Splunk is an example of this technology. Local Splunk instances perform the ingest, correlation and alerting of data, but a software called Mothership is used to gather alerts from multiple Splunk standalone deployment entities and presents a higher-level picture of the now unified Splunk instances. Each local Splunk instance maintains the logs and provides the ability to dive much deeper into any alerts, as well as offers greater local network intelligence.
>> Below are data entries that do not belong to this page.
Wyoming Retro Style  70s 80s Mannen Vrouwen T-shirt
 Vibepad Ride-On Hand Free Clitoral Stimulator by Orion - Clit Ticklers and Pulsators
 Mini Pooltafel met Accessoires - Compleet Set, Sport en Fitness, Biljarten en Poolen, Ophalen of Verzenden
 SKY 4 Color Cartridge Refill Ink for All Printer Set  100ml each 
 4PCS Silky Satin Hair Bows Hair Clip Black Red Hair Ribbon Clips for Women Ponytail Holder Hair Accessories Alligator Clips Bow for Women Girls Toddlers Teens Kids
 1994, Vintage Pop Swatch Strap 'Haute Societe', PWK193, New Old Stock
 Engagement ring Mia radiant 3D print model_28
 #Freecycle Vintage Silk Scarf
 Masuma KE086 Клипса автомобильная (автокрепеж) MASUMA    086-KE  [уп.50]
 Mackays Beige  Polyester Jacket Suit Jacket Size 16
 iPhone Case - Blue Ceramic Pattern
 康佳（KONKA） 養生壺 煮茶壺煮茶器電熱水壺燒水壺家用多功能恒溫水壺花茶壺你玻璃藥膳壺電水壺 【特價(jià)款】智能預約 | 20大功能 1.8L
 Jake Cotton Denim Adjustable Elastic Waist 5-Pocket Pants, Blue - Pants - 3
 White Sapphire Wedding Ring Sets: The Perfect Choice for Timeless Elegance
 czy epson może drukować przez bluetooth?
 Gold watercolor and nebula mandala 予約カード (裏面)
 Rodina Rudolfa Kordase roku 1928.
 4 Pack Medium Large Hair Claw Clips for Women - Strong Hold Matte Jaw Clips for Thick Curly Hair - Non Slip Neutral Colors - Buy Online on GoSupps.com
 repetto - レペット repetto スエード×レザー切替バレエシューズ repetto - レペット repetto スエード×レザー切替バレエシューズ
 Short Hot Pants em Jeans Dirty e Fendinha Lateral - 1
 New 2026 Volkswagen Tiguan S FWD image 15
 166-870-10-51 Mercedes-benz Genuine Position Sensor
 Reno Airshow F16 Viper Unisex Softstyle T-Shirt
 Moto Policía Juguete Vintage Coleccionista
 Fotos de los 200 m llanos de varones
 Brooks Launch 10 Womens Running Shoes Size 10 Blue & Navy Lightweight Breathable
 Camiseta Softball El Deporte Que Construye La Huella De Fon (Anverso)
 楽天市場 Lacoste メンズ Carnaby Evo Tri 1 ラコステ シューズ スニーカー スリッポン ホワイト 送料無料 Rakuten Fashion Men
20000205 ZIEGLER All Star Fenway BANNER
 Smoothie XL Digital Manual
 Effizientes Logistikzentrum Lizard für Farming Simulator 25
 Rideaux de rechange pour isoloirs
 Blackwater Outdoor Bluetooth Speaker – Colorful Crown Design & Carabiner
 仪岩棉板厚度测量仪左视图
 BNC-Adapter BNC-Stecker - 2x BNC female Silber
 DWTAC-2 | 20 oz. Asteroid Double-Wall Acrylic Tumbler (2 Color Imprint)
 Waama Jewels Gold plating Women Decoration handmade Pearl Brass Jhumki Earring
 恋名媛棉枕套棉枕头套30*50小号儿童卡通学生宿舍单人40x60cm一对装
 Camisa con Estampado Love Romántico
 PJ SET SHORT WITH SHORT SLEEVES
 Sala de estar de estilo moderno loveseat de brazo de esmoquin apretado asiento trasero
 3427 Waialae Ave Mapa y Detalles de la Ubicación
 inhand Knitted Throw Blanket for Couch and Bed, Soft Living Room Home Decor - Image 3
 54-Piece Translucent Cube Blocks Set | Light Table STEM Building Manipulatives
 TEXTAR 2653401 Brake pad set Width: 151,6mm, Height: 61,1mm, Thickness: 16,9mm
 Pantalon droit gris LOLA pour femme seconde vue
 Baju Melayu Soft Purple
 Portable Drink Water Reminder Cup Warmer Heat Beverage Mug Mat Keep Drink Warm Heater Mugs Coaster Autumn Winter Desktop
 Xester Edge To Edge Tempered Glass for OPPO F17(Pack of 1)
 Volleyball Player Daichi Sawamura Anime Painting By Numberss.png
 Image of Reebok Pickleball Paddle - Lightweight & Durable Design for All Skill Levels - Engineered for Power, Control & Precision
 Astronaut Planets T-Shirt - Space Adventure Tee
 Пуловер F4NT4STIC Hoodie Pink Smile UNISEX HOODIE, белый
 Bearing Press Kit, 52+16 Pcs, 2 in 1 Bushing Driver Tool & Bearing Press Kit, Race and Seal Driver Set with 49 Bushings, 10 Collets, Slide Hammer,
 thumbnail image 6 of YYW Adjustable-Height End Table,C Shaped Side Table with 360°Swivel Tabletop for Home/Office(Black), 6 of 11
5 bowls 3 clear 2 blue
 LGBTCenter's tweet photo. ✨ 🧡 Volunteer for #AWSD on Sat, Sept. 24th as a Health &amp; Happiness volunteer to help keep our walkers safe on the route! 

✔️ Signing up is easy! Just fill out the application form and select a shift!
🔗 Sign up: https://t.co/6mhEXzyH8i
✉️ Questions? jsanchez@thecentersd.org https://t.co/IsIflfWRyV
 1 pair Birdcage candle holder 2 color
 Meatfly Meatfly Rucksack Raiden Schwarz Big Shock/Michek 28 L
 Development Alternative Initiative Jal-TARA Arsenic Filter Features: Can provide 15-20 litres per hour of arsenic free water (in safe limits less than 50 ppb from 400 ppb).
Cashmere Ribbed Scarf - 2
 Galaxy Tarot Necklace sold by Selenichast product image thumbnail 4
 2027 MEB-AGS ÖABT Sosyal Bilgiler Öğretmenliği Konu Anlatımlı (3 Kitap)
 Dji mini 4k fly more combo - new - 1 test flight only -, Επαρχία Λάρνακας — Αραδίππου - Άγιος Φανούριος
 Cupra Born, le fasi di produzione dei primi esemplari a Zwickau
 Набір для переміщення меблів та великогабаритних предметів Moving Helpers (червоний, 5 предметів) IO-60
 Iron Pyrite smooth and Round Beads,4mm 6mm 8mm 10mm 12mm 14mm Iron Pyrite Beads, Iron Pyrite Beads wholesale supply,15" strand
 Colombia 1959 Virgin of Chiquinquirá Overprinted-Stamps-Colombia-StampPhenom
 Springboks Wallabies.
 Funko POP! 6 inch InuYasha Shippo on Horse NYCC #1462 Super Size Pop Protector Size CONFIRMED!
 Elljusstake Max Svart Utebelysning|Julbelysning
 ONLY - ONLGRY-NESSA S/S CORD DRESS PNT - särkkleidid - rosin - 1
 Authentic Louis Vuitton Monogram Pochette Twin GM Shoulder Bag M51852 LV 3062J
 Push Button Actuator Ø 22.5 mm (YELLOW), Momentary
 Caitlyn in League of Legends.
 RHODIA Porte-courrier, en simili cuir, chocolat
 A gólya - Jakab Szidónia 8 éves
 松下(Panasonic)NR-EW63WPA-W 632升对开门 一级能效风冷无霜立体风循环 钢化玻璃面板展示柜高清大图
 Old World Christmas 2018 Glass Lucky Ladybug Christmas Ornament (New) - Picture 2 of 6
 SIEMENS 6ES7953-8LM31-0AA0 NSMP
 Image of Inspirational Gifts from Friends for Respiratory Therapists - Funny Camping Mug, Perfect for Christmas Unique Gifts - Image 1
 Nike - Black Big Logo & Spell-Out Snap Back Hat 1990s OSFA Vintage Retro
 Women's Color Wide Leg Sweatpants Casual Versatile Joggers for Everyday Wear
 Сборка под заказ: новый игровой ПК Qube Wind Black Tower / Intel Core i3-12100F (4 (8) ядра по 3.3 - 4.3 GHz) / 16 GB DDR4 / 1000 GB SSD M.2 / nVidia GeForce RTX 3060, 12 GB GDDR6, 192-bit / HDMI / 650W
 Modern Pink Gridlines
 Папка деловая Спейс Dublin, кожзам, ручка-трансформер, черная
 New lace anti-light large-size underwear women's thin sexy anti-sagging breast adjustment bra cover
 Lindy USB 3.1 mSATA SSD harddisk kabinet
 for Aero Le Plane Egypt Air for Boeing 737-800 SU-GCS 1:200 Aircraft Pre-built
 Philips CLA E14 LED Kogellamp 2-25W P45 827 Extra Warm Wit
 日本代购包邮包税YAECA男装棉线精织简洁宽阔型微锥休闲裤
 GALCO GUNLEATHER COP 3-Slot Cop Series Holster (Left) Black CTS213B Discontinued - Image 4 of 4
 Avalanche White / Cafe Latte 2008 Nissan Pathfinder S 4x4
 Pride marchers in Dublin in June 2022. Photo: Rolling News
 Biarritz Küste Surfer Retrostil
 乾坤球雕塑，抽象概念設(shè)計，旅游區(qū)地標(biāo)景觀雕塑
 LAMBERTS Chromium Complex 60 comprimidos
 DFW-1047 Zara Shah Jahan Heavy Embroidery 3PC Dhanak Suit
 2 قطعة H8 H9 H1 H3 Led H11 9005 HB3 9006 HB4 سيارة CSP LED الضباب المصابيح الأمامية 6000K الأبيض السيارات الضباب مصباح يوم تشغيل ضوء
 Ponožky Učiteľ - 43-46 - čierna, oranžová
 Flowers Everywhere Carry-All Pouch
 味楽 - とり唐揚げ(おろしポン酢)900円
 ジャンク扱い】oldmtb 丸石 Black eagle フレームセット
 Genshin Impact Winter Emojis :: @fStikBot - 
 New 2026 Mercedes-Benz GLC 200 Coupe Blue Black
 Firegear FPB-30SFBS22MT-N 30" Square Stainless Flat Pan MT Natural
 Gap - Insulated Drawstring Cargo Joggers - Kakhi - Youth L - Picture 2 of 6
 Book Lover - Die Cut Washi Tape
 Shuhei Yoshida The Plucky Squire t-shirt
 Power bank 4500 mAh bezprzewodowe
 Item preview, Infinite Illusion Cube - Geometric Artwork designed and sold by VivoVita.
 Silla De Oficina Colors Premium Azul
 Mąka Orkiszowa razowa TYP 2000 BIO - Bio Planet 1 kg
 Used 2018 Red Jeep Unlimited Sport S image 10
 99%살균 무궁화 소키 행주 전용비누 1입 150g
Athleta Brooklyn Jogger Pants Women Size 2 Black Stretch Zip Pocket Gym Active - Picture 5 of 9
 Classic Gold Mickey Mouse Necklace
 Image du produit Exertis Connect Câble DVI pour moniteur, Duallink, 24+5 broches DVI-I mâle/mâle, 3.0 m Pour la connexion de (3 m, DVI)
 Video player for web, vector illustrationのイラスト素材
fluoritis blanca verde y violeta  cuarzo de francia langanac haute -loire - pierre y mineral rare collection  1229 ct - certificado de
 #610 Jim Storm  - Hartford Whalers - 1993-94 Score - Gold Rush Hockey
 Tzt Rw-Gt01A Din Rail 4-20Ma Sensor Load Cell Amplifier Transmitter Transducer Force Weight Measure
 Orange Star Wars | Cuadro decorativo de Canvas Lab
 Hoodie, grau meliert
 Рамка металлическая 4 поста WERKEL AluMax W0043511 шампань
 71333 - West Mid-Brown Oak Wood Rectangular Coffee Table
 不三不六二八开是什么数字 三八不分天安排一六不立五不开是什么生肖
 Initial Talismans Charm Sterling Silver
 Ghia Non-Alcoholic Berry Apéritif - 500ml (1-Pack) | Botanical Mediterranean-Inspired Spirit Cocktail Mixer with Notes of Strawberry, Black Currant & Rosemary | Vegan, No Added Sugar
uSIEM not only would be capable of showing the overarching United DODIN threat but also would correlate the current playbook deployments as well as the current vulnerability and compliance scans associated with the playbook feedback loop. Having all of this data correlated will present an accurate, near real-time picture of the possible impact of a new attack on the United DODIN and allow the United DODIN management team to push out additional playbooks to respond to large cyber attacks properly.

Once this firm grasp on the ability to respond to threats to the United DODIN in near real time is established, the Defense Department needs to start incorporating other aspects of the network as well as machine learning algorithms with artificial intelligence technology to automate the defensive response further.

With the development of offensive cyber artificial intelligence against the United States, the military must take the hands-on human interaction out of the incident response because they would occur faster than any human can respond. In addition, most humans cannot monitor a low profile and slow attack to correlate the incidents and identify the attacker.

If the Defense Department does not push to automate its software and configurations, standardize the DODIN and automate its incident response, the United States will remain behind the power curve in defensive cyber operations.

Robert Hoffman, a security architect, is a proponent of technology that can be securely implemented if the proper environment is created. He also is the AFCEA International Young AFCEAN Awards co-chair, vice president of awards for the Pelican Chapter, and a 40 Under 40 award winner.